• _TO DO_: Reproduce word for word the lines between those holding "HD-8016 - 3" and "Stylish-Sleigh-Bed-Ottoman-Storage-Chesterfield-Plush-Velvet", inclusive, and nothing else from the data below.

• _DATA TO USE_:
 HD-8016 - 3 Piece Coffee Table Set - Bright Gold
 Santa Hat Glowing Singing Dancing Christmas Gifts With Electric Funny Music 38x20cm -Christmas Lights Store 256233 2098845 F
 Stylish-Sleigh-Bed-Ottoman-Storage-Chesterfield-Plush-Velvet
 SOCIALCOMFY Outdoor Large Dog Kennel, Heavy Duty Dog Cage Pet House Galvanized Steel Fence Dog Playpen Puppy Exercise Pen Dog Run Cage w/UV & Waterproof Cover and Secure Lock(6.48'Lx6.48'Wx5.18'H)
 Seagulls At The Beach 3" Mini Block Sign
* * *
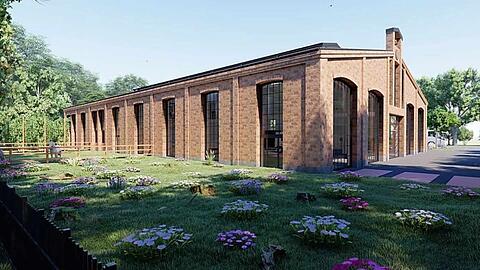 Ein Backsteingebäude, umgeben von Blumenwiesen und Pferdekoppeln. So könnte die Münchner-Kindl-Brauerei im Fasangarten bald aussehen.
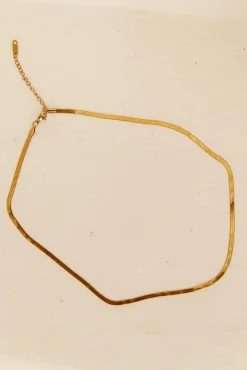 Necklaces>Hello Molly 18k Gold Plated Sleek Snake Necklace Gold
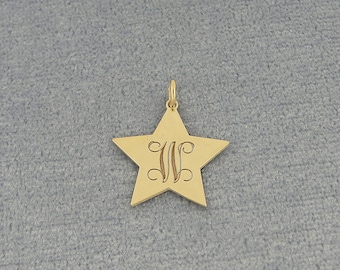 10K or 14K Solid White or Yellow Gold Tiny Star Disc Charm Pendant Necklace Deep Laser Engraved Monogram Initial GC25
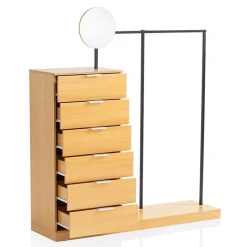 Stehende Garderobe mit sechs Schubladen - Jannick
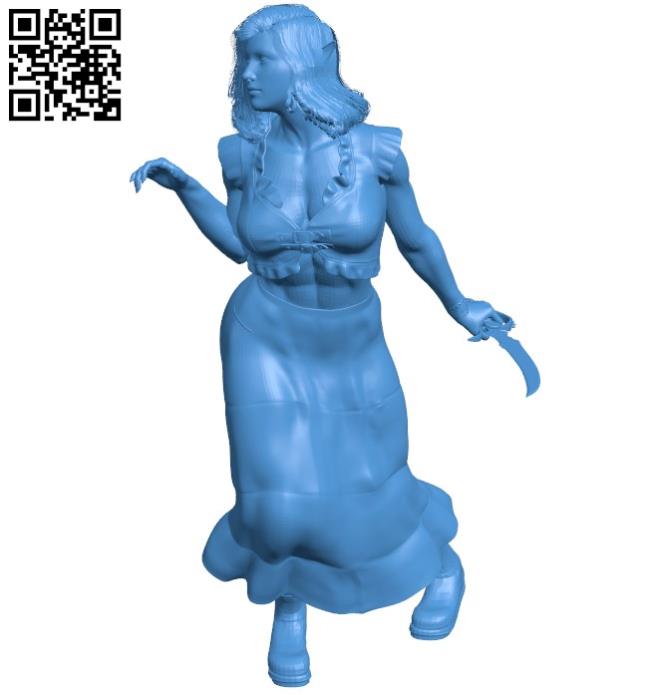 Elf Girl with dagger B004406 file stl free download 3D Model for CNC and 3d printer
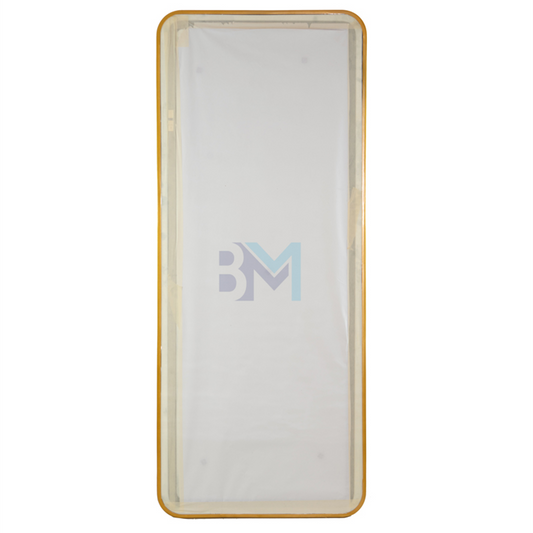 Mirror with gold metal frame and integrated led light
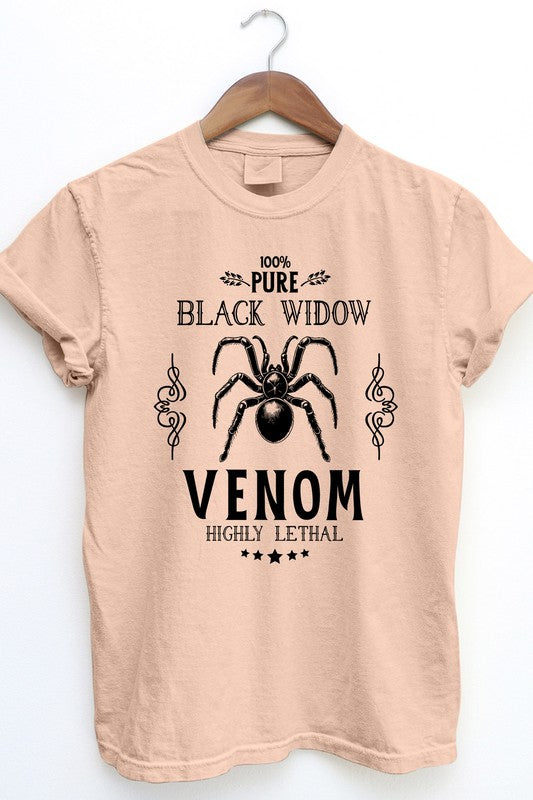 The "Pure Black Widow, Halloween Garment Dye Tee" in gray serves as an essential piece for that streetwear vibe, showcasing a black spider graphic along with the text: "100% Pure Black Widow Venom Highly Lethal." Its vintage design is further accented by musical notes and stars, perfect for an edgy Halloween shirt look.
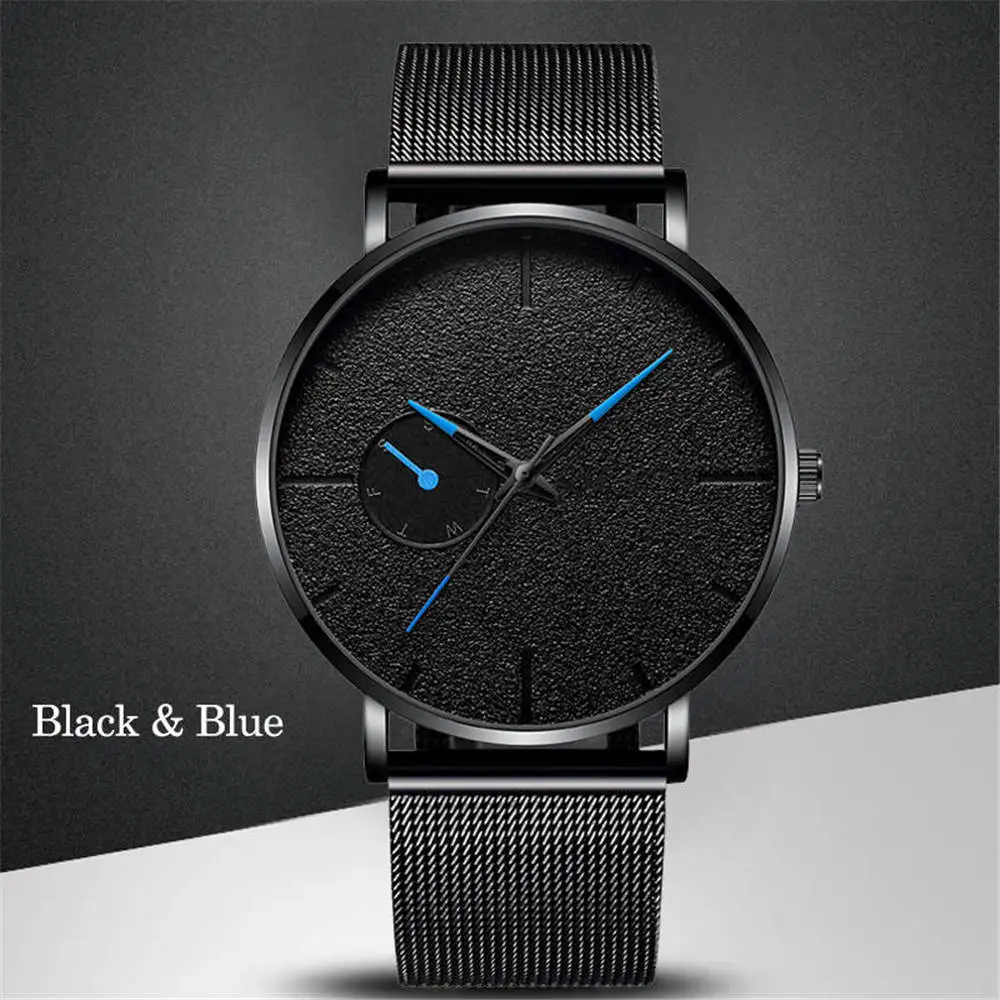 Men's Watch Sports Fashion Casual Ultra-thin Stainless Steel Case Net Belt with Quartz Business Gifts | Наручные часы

• _SOLUTION TO THE PROBLEM_:
 HD-8016 - 3 Piece Coffee Table Set - Bright Gold
 Santa Hat Glowing Singing Dancing Christmas Gifts With Electric Funny Music 38x20cm -Christmas Lights Store 256233 2098845 F
 Stylish-Sleigh-Bed-Ottoman-Storage-Chesterfield-Plush-Velvet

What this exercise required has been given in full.